Written by Hannah
Southeast Asia Specialist
Thailand offers so much more than beautiful beaches. Thailand Country Specialist Mark Hutton travelled to the country's lush north to dance, eat, harvest and hike with the fascinating Lahu hilltribe.
To really experience a more authentic Thailand, you need to fight the temptation to simply collapse on one of its alluring beaches.
On my most recent visit, I set out to rediscover the more traditional Thailand that I first fell in love with 12 years ago. I'm delighted to report that it still exists.
I boarded my flight to the northern city of Chiang Mai, the region’s major hub. My main reason for coming to the north was to unearth authentic Thai experiences in the region’s verdant hills. Three hours’ drive north of Chiang Mai, close to the Burmese border, is the town of Fang. Frankly, few visitors would ever stop here; it doesn’t warrant a mention in the Rough Guide. I was here to visit the Phumanee Lahu Home Hotel and Homestay.
I was welcomed by a quietly spoken receptionist dressed in the traditional black and red dress of the Lahu tribe. Very professionally, in pointedly practised English, she began to recite the information necessary for new guests, but she fluffed her lines and descended into giggles. Jirawan, the hotel owner, explained in flawless English that the staff are all from the Lahu hilltribe, and are still in training.
We enjoyed a traditional meal of deep-fried tea leaves
That evening I ate a traditional Lahu meal including deep-fried tea leaves. Tea is hugely important in the history of the Lahu and many of the northern hilltribes. Until relatively recently opium was the major crop in this area. However, the tribes have been encouraged by the King’s Royal Project initiative to cultivate other crops for cash, tea being key in this shift.
Jirawan explained that her father was appointed by the King as leader of the hilltribe development group. She showed me a photograph of herself as a young girl kneeling with her brothers and sisters and her father in front of the King. She then explained that her father was shot in 1983 as a result of his work to move the hill communities away from opium farming. In light of this poignant backstory and the obvious pride displayed by Jirawan and her Lahu staff, I couldn’t wait for my visit to their hill community in the morning.
The next day I set off with Teng, our Lahu guide. En route, we stopped to collect bamboo roots, ferns and green mango — all of which would be delicious with our lunch. Finally we reached the village of Pu Muen. A series of wooden stilted huts lined the dirt track into the community. The views over the valley would have been breathtaking, if I could still breathe.
Teng produced a bamboo drinking vessel that he had carved on the hike
We arrived at a particularly impressive hut and Teng ushered me inside. It was smoky and dimly lit by an open fire, over which hung a teapot. Teng produced a bamboo drinking vessel that he had carved on the hike up and a cup of tea was poured for me.
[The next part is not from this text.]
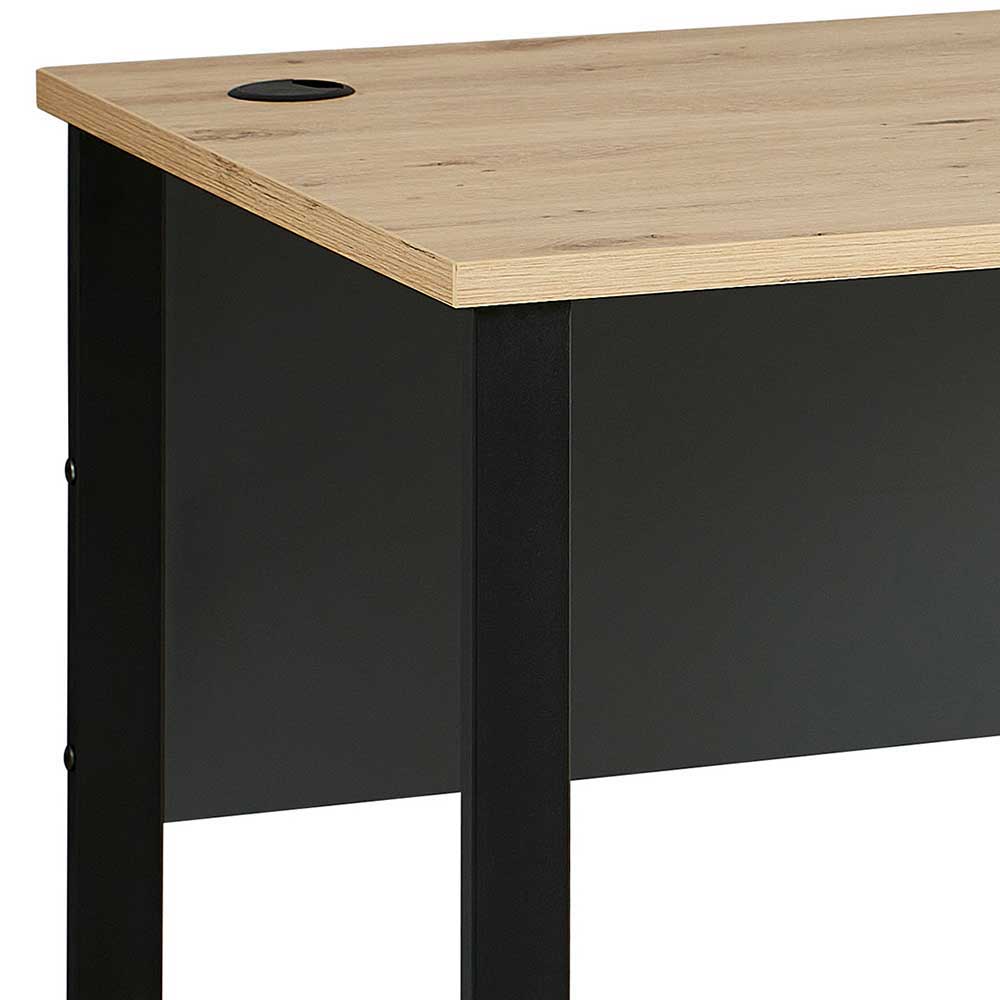 Büroausstattung Office Möbel Set - Kuetra (fünfteilig)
An elderly lady appeared in the doorway, squatted down effortlessly and began chatting to my guides, gesticulating at me.
A second woman appeared at the door, a baby strapped across her chest, and sat cross-legged on the floor. The atmosphere was communal and relaxed. I couldn’t communicate much but seemed to be welcomed as a slightly amusing guest.
We shared lunch, served on pandanus leaves: sticky rice cooked over the fire in bamboo and a delicious chicken curry, washed down by tea picked from the village bushes.
Picking leaves in the tea plantation
After lunch, my guide took me into the tea plantation. After 15 minutes of picking tea leaves and barely covering the bottom of my basket, I gained a new respect for the industry of the villagers. I was shown the process, from picking to drying, and was encouraged to take part.
My attempt at rolling the cooked tea leaves was apparently hilariously inept; one of the elderly ladies stepped in to show me how it is done.
After this, I was treated to some Lahu music and dance. I was delighted by the joy of the participants (which included me!). The Lahu are proud of their traditions and their new way of life, which includes sharing their culture with those who want to explore Thailand beyond the beaches.